Fossil mixture of snake and lizard

Fossil mixture of snake and lizard

The prehistoric reptile Breugnathair Elgolensis shows characteristics of lizards and snakes at the same time. © Mick Ellison/© Amnh

Snake or lizard? In Scotland, researchers have discovered a 167 million year old fossil with an extraordinary combination of characteristics. Pine and teeth are reminiscent of today’s snakes, while the body resembles that of a lizard. The find raises new questions about the evolution of the snakes. Is it an original snake with legs? Or has an extinct group of lizards developed a snake -like bit separately?

Lizards and snakes are both among the scale creepers, also called squamats, but are only related to each other. Her last joint ancestors lived around 190 million years ago. Again and again paleontologists came across snake -like jawbones in the immediate vicinity of bones with gecko -like characteristics. However, since the fossils were not complete and seemed to differ too differently, some researchers assumed that they belonged to two different types of animal. Others set the thesis that it was a group of predatory scale crawl animals called Parviraptoridae.

Mosaic from characteristics

A new fossil now brings light into the dark: As early as March 2015, a team around Roger Benson from the American Museum of Natural History in New York discovered a 167 million year old, largely fossil lizard at excavations on the Scottish Isle of Skye, which has both features of snakes and lizards. After ten years of detailed studies, the researchers have now published their results. They gave the newly discovered species the name Breugnathair Elgolensis borrowed from the Gaelic, which means “wrong snake by Elgol”. Elgol is the Scottish village, near whom the fossil was found.

“Snakes are remarkable animals that have developed according to previous knowledge of lizard -like ancestors with long, limited bodies,” says Benson. “Breugnathair has snake -like teeth and pine, but is surprisingly primitive in other ways.” The hook -shaped -bent teeth are similar to those of today’s pythons and the pine is also structured in a snake. The shape of the head, on the other hand, is more reminiscent of a waran and the body has large, clearly pronounced limbs, as they are typical of primeval geckos.

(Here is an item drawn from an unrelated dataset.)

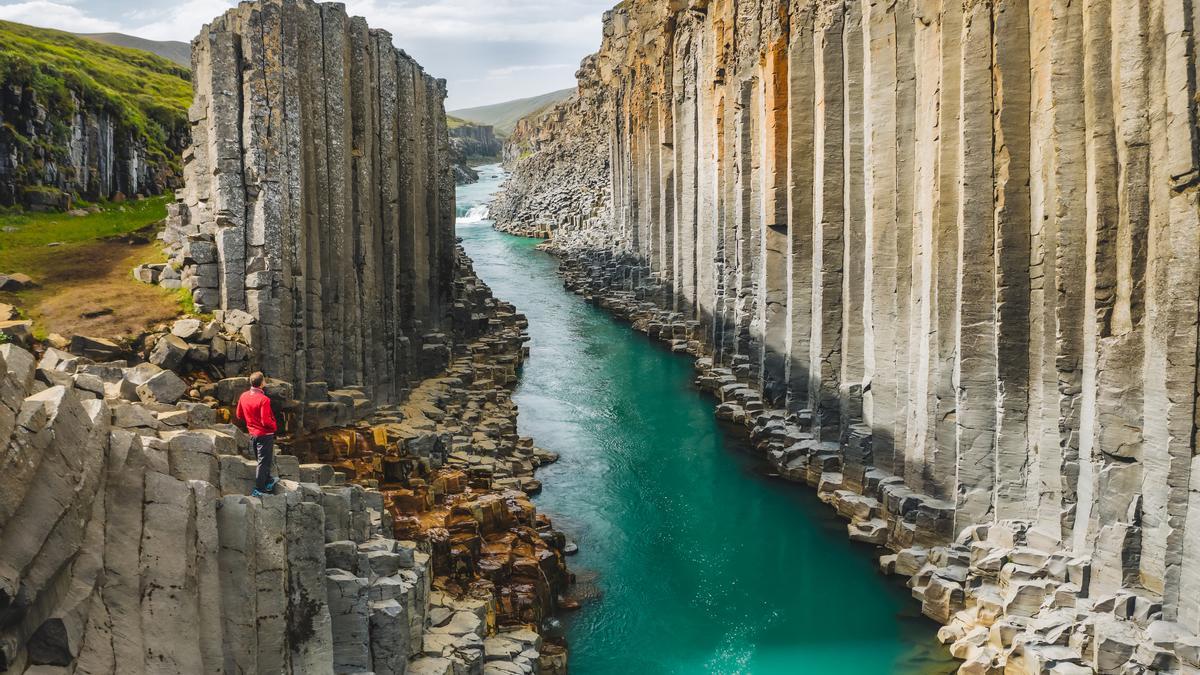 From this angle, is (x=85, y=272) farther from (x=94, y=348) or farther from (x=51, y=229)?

Snake ancestor or primal ligament?

Although the bones were disorganized at their find, according to the researchers, they fit together so well that they can clearly be assigned to a single individual. The fossil thus proves that snake and lizard-like features can really appear in the same animal and that the Parviraptoridae were actually an independent animal group. With a body length of around 40 centimeters, Breugnathair was one of the largest lizards of the ecosystem at that time and probably fed on smaller lizards, early mammals and young dinosaurs. The growth rings on the bones suggest that the individual found was at least nine years old.

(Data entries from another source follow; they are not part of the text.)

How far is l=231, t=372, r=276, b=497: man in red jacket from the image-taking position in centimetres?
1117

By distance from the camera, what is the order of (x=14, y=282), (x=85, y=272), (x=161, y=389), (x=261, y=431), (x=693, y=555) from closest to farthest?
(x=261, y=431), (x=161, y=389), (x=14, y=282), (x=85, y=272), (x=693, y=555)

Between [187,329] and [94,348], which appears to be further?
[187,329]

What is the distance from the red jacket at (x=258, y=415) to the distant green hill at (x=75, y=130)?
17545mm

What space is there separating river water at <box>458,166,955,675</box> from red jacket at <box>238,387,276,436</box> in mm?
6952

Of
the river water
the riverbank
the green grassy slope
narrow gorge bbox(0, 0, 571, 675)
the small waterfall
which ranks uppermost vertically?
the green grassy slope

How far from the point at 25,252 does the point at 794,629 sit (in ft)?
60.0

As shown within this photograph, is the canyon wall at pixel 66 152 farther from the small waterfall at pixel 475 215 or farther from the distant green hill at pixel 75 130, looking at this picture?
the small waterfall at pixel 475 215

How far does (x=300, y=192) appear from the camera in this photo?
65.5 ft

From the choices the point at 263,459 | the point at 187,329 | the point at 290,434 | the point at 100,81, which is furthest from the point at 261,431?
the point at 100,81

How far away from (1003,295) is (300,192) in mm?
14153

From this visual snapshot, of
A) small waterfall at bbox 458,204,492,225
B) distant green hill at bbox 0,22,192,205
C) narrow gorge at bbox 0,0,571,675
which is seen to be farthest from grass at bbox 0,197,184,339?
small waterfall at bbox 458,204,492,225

But the discovery also raises new questions: “The mosaic of characteristics could either indicate that the ancestors of the snakes were very different than we expected,” explains Benson. “Or it is an indication that snake -like predate strategies have developed separately in a primitive, extinct group.” The researchers cannot answer whether Breugnathair was an original ancestor of the snakes, or whether the snake -like jaw developed in a group of squamates independent of the snakes, based on the previous finds. “The fossil brings us quite far, but it doesn’t bring us all the way,” says Benson. “But it makes us even more curious about the opportunity to find out where snakes come from.”